Ohr met with Steele almost a dozen times beginning in late 2016 through May 2017, according to congressional officials. FBI agents interviewed Ohr after the meetings and documented the information.
Republicans have seized on the meetings. Sen. Charles E. Grassley, R-Iowa, the head of the Senate Judiciary Committee, asked the Justice Department to declassify the FBI’s reports on them. “It seems like he is a key player,” Rep. Jim Jordan, R-Ohio, a staunch supporter of the president, told Fox News this month.
But the arrangement was not unusual, former law enforcement officials said. Senior FBI officials were aware of the Steele meetings and those involved followed internal guidelines, a former official said.

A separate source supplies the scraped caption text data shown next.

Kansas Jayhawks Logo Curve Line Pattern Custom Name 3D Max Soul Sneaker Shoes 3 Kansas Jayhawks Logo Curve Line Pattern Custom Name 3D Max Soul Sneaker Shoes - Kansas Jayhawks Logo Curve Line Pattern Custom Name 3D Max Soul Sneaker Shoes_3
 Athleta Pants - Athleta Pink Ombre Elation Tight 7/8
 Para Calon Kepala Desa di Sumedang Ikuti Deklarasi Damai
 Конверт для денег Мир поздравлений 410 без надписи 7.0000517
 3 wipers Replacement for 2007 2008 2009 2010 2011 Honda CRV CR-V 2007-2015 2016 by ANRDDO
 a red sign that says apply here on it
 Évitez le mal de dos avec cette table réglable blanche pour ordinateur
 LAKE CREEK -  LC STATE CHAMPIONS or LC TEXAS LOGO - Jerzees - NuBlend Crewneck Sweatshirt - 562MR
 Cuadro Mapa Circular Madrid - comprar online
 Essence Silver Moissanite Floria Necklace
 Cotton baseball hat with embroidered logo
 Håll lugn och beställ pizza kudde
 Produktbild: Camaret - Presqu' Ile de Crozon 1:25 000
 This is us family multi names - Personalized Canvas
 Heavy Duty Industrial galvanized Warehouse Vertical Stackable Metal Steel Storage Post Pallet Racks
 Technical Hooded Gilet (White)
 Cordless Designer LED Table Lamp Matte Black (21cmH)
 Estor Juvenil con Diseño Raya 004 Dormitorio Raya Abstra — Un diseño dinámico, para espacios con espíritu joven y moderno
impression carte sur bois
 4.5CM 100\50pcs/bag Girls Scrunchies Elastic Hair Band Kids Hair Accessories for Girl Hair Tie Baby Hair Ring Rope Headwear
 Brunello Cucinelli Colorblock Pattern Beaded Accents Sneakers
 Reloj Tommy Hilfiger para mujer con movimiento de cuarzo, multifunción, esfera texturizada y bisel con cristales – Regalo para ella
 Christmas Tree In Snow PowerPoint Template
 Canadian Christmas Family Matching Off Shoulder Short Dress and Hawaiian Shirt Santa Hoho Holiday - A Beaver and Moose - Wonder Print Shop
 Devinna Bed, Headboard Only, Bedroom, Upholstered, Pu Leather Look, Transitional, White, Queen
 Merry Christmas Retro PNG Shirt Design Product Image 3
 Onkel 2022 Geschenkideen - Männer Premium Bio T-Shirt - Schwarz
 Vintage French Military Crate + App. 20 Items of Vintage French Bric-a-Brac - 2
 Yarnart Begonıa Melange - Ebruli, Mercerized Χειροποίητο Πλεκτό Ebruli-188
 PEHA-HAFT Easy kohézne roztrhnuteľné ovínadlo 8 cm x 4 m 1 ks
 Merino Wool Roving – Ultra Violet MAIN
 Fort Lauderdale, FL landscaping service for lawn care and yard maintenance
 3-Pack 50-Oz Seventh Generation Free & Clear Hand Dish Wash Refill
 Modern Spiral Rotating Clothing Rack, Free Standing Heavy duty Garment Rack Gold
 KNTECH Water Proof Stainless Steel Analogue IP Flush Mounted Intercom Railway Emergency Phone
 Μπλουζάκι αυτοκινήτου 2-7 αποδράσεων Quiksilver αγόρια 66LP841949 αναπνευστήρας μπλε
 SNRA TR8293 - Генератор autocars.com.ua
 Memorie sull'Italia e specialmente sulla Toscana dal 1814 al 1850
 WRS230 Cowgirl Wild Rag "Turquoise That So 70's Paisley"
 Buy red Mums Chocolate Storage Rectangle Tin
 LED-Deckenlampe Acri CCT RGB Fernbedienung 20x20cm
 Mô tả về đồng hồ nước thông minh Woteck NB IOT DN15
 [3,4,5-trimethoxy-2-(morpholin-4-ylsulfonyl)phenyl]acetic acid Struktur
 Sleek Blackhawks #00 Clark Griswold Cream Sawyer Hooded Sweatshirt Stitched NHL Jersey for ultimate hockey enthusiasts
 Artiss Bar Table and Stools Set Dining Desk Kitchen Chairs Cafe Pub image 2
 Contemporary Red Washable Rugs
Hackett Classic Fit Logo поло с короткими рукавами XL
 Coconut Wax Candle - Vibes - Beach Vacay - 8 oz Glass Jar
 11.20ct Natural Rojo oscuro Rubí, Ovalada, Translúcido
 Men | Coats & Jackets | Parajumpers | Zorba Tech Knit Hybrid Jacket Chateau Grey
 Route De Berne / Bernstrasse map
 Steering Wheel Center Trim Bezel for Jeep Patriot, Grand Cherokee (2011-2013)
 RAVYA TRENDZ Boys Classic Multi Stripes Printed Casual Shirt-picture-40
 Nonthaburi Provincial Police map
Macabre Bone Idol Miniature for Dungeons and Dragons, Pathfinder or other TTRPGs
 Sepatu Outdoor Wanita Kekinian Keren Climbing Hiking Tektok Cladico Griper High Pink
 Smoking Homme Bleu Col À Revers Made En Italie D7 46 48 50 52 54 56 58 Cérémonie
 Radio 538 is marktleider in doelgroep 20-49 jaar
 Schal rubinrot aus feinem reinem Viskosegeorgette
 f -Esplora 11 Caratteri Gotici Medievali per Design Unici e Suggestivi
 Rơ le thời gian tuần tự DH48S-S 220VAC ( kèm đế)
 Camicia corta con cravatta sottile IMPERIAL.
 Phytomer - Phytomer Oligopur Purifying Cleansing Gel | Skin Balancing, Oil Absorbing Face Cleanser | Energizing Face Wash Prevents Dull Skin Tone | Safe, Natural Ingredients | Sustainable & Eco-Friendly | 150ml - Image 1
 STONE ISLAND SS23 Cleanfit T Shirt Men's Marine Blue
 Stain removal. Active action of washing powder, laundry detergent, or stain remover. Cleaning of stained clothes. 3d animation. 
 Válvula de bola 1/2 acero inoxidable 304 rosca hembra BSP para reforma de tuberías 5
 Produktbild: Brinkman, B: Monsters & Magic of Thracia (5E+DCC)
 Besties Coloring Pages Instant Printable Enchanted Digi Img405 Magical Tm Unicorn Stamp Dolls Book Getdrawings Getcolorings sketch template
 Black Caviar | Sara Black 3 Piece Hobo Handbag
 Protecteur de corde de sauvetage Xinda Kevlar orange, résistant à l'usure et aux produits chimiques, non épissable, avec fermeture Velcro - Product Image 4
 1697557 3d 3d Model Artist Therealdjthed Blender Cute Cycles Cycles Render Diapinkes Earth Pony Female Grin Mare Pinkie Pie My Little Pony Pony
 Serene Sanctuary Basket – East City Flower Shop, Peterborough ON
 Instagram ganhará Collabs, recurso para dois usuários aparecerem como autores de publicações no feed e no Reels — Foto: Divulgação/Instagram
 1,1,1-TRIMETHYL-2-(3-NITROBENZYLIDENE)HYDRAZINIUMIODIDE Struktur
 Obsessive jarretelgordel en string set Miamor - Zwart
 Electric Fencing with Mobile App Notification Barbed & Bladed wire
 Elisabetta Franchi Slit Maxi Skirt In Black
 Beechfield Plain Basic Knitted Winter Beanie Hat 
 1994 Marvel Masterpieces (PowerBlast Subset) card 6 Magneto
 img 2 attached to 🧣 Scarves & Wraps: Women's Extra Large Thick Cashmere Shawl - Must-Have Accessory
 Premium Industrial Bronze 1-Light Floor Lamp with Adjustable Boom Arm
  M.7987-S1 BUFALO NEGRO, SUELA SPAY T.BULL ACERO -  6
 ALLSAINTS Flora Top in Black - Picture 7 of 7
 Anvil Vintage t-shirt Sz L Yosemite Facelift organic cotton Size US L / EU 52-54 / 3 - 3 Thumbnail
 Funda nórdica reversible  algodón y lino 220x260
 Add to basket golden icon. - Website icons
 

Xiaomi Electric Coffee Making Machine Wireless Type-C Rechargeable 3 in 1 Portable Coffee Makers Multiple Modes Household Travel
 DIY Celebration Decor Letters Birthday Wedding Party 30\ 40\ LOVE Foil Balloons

Ohr’s contacts with Steele were one small part of a broader effort to determine whether the allegations in the dossier were true, a former official said. The FBI also did not have all the reports that Steele had produced and agents were keen to get them.
Conservatives have also targeted Nellie Ohr, whose contract work at Fusion GPS involved monitoring Russian news media and compiling connections between Trump and Russia from public documents. She did not work on the dossier, according to a person familiar with her work.
Bruce Ohr still has a job at the Justice Department, though he is functionally no longer a manager. It is unclear how long that will last. Trump has called for Attorney General Jeff Sessions to fire Ohr.
“It seems that Bruce had two sins: He met with Chris Steele and his wife worked for Fusion GPS. None of that seems wrong to me,” Lowrie said. “Bruce is a straight arrow. He was totally nonpartisan, as we all were expected” to be.